Transcription, pictures excluded: write out the data below exactly.

*Data shown*
------------------------------------

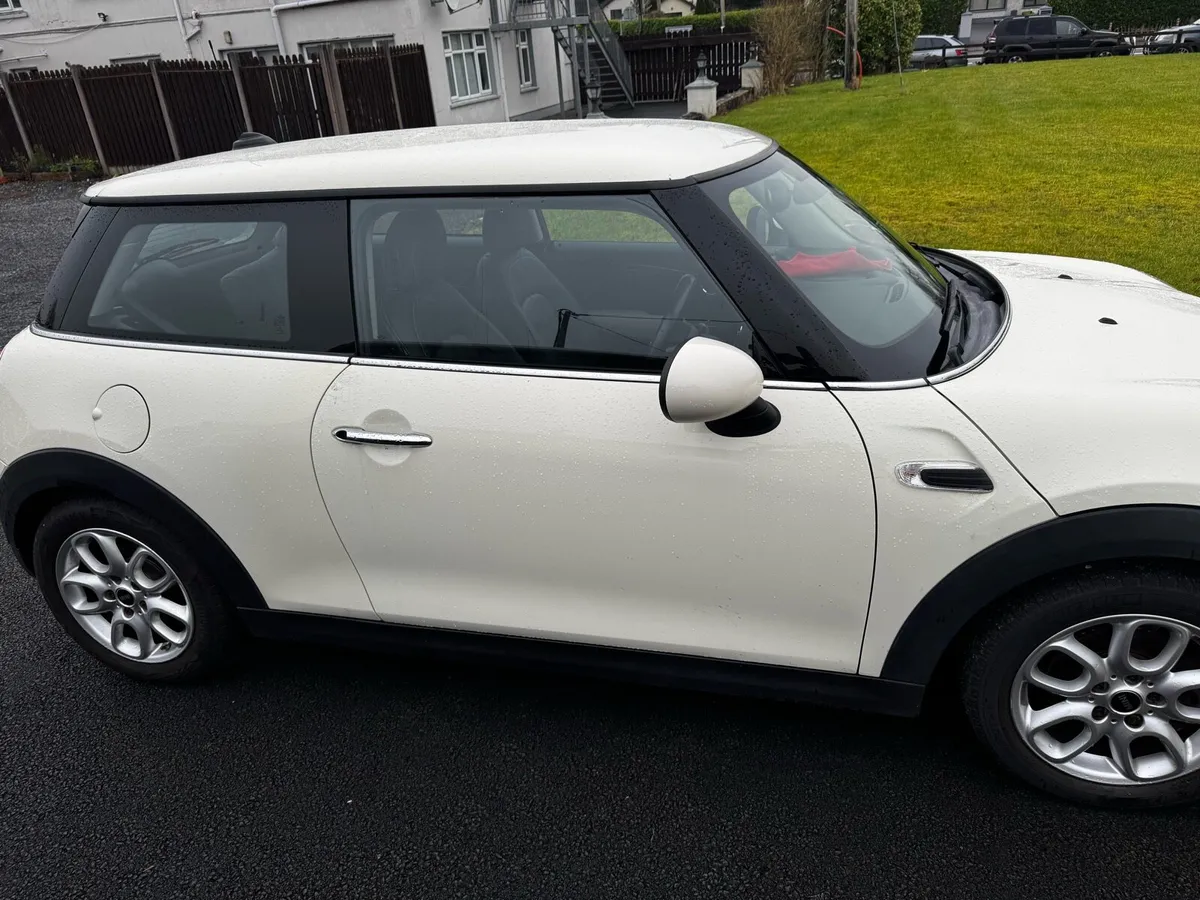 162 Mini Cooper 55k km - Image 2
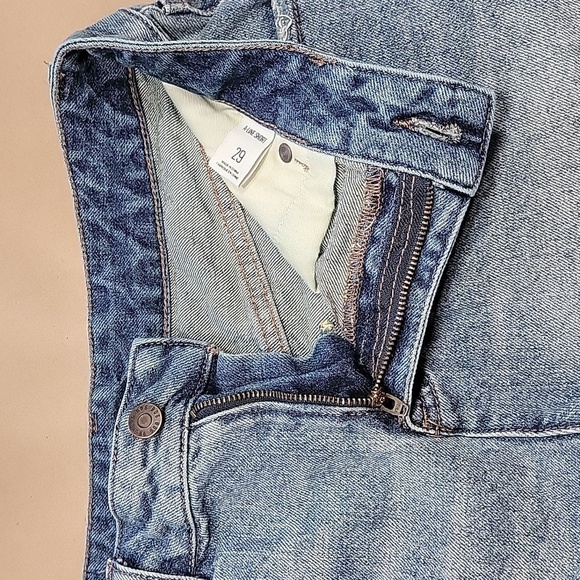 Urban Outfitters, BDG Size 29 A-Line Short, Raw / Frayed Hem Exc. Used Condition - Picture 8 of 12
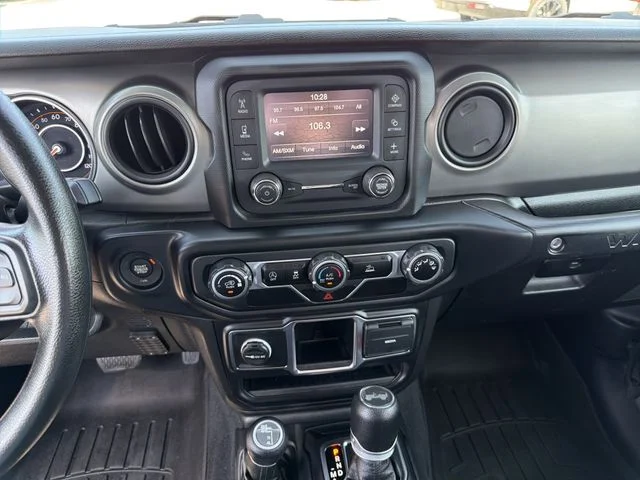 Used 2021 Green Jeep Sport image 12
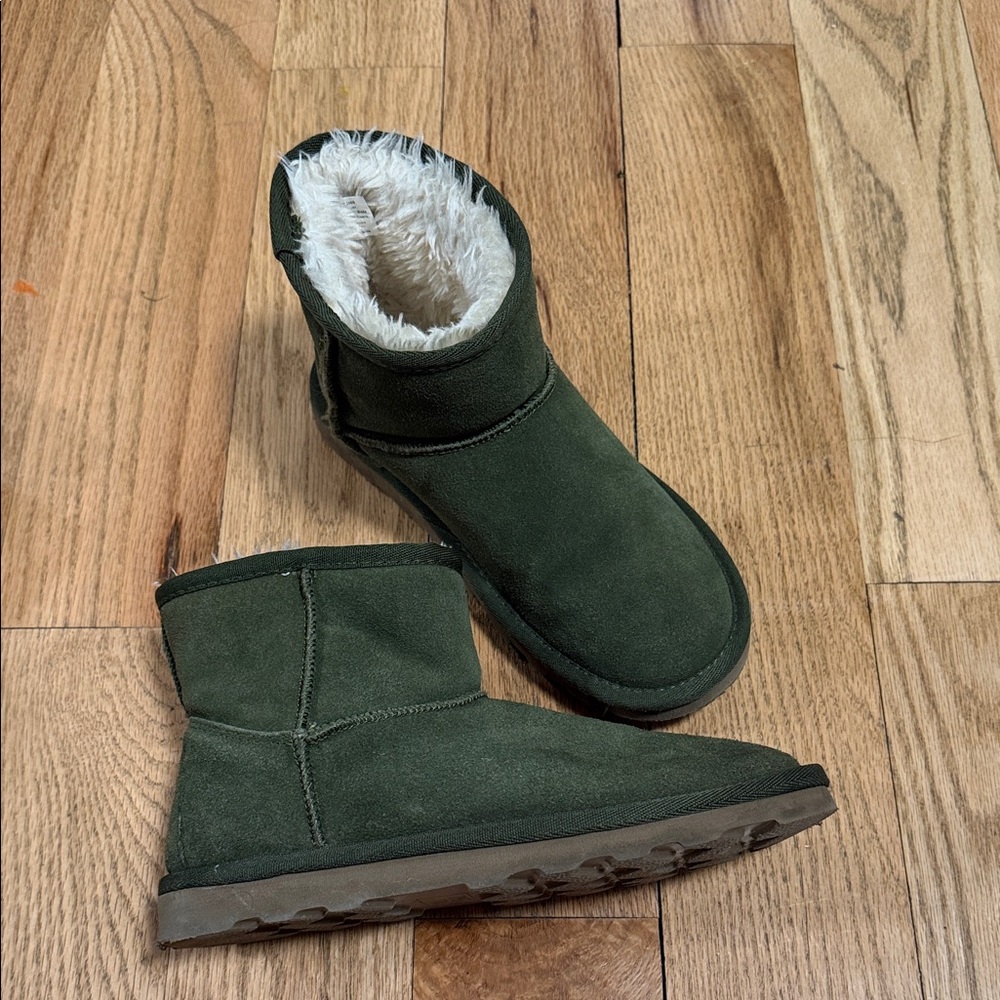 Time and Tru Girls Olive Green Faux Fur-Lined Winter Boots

------------------------------------

*Solved exercise*
 162 Mini Cooper 55k km - Image 2
 Urban Outfitters, BDG Size 29 A-Line Short, Raw / Frayed Hem Exc. Used Condition - Picture 8 of 12
 Used 2021 Green Jeep Sport image 12
 Time and Tru Girls Olive Green Faux Fur-Lined Winter Boots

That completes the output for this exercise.